Harakat Hezbollah al-Nujaba (Nujaba or HHN; ), officially the 12th Brigade is a radical Iraqi Shi'ite paramilitary group that is especially active in Syria and Iraq. It was established in 2013 to support Bashar al- Assad in Syria against anti-regime rebels. The group is handled by the IRGC's Quds Force as part of an Iranian strategy to use sectarian Shi'ite forces in various countries to promote Iran's local and regional interests. It openly receives training, arms, and military advice from Iran. It is part of Iraq's Popular Mobilization Forces (PMF), a group of Shi’ite militias that are close to Iran along with the country's Armed Forces.
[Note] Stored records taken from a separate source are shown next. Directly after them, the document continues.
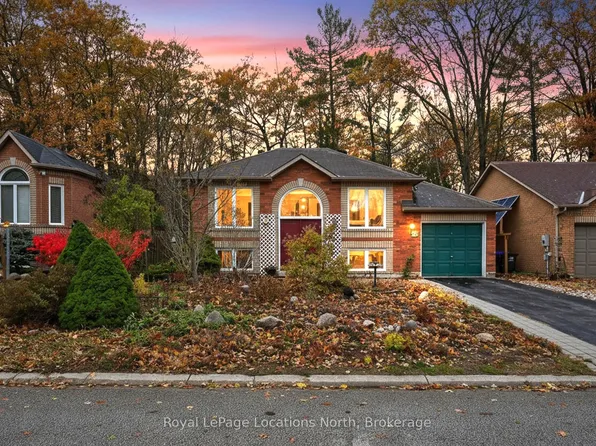 12 Brillinger Dr, Wasaga Beach, ON L9Z 1L4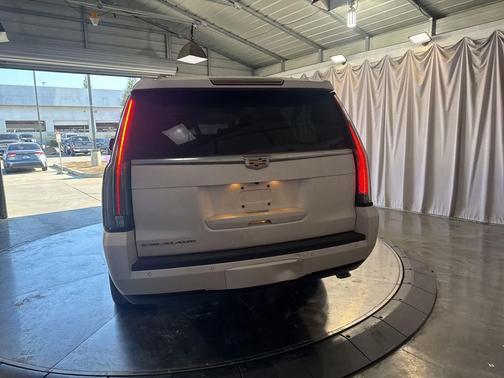 White Diamond Tricoat 2015 Cadillac Escalade ESV Premium
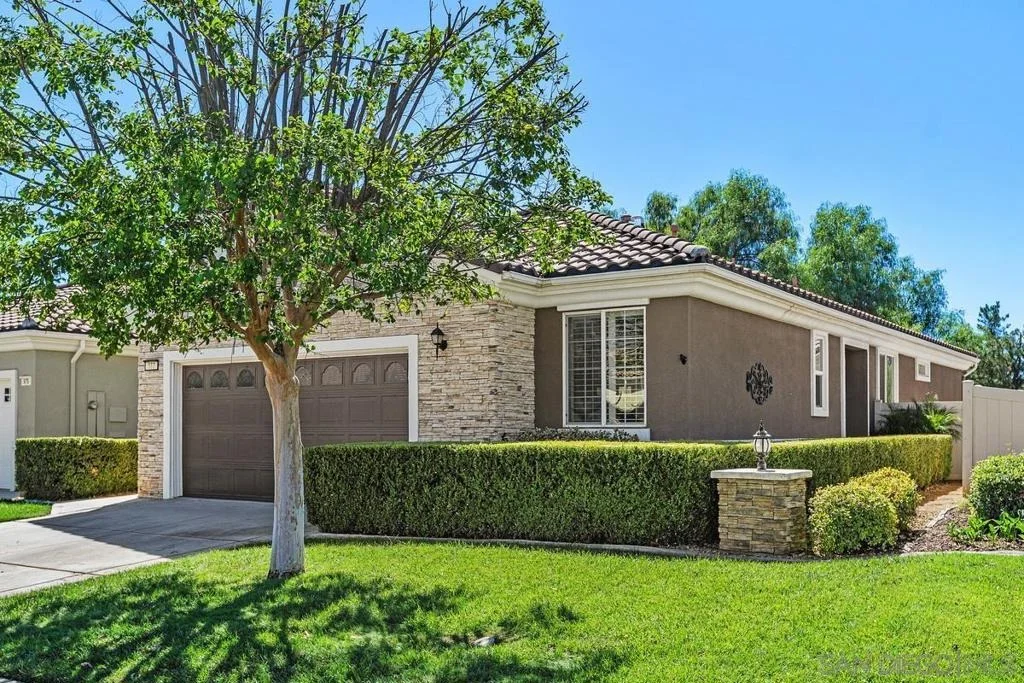 Photo of 977 Blackhawk Dr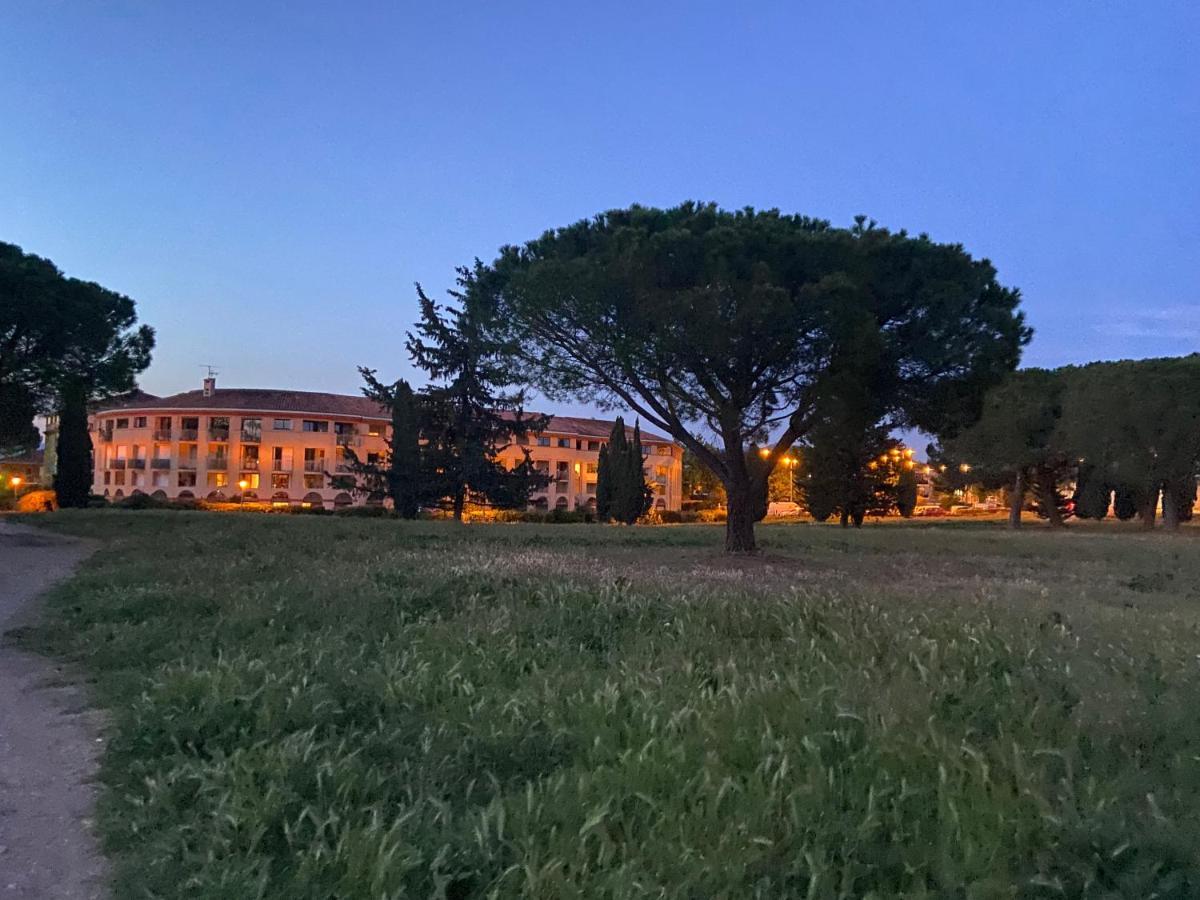 Residence Ste Croix Fréjus Dış mekan fotoğraf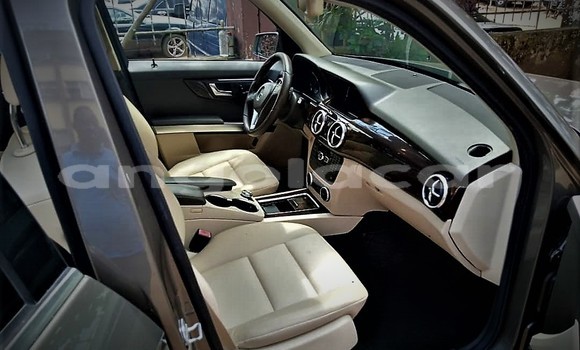 Comprar Usado Mercedes-Benz GLK–Class Prata Carro em Luena em Moxico Comprar Usado Mercedes-Benz GLK–Class Prata Carro em Luena em Moxico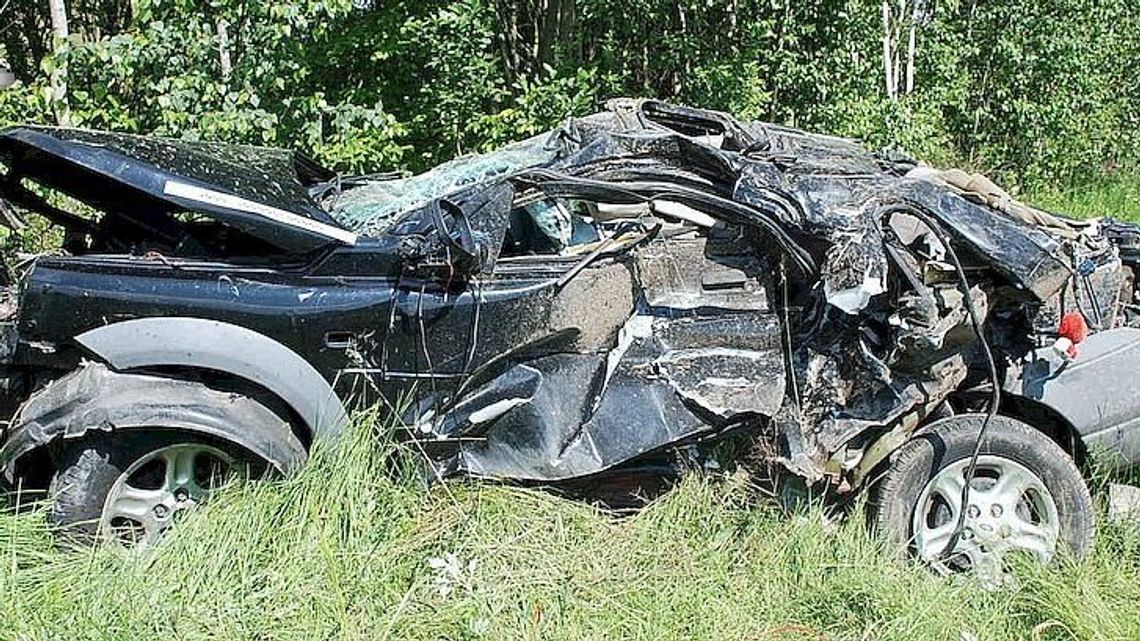Tragedia na przejeździe kolejowym. Kierowca nie miał szans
HHN has a TV channel named Al-Nujaba TV, which is based in Baghdad, Iraq.

In February 2019, the U.S. Secretary of State Mike Pompeo designated Harakat Hezbollah al-Nujaba (and all its aliases and component parts) and its leader Akram al-Kaabi Specially Designated Global Terrorists (SDGT).

Flags

History 
HHN emerged in 2013 as an offshoot of the Iraqi paramilitary Asaib Ahl al-Haq (AAH) and is led by AAH co-founder Akram al-Kaabi. al-Kaabi said that he formed the militia after a period of militant inactivity in the Syrian Civil War. He denies it emerged from a "split" with AAH, but that he chose not to unify with them due to disagreements. The two groups still share close affinity, often simultaneously commemorating martyrs. They have released a nasheed praising Iranian Quds Force commander Qasem Suleimani. Both groups follow the Iranian government's ideology, and al-Kaabi has stated that he would overthrow the Iraqi government or fight alongside the Yemeni Houthis if ordered by Grand Ayatollah Khamenei.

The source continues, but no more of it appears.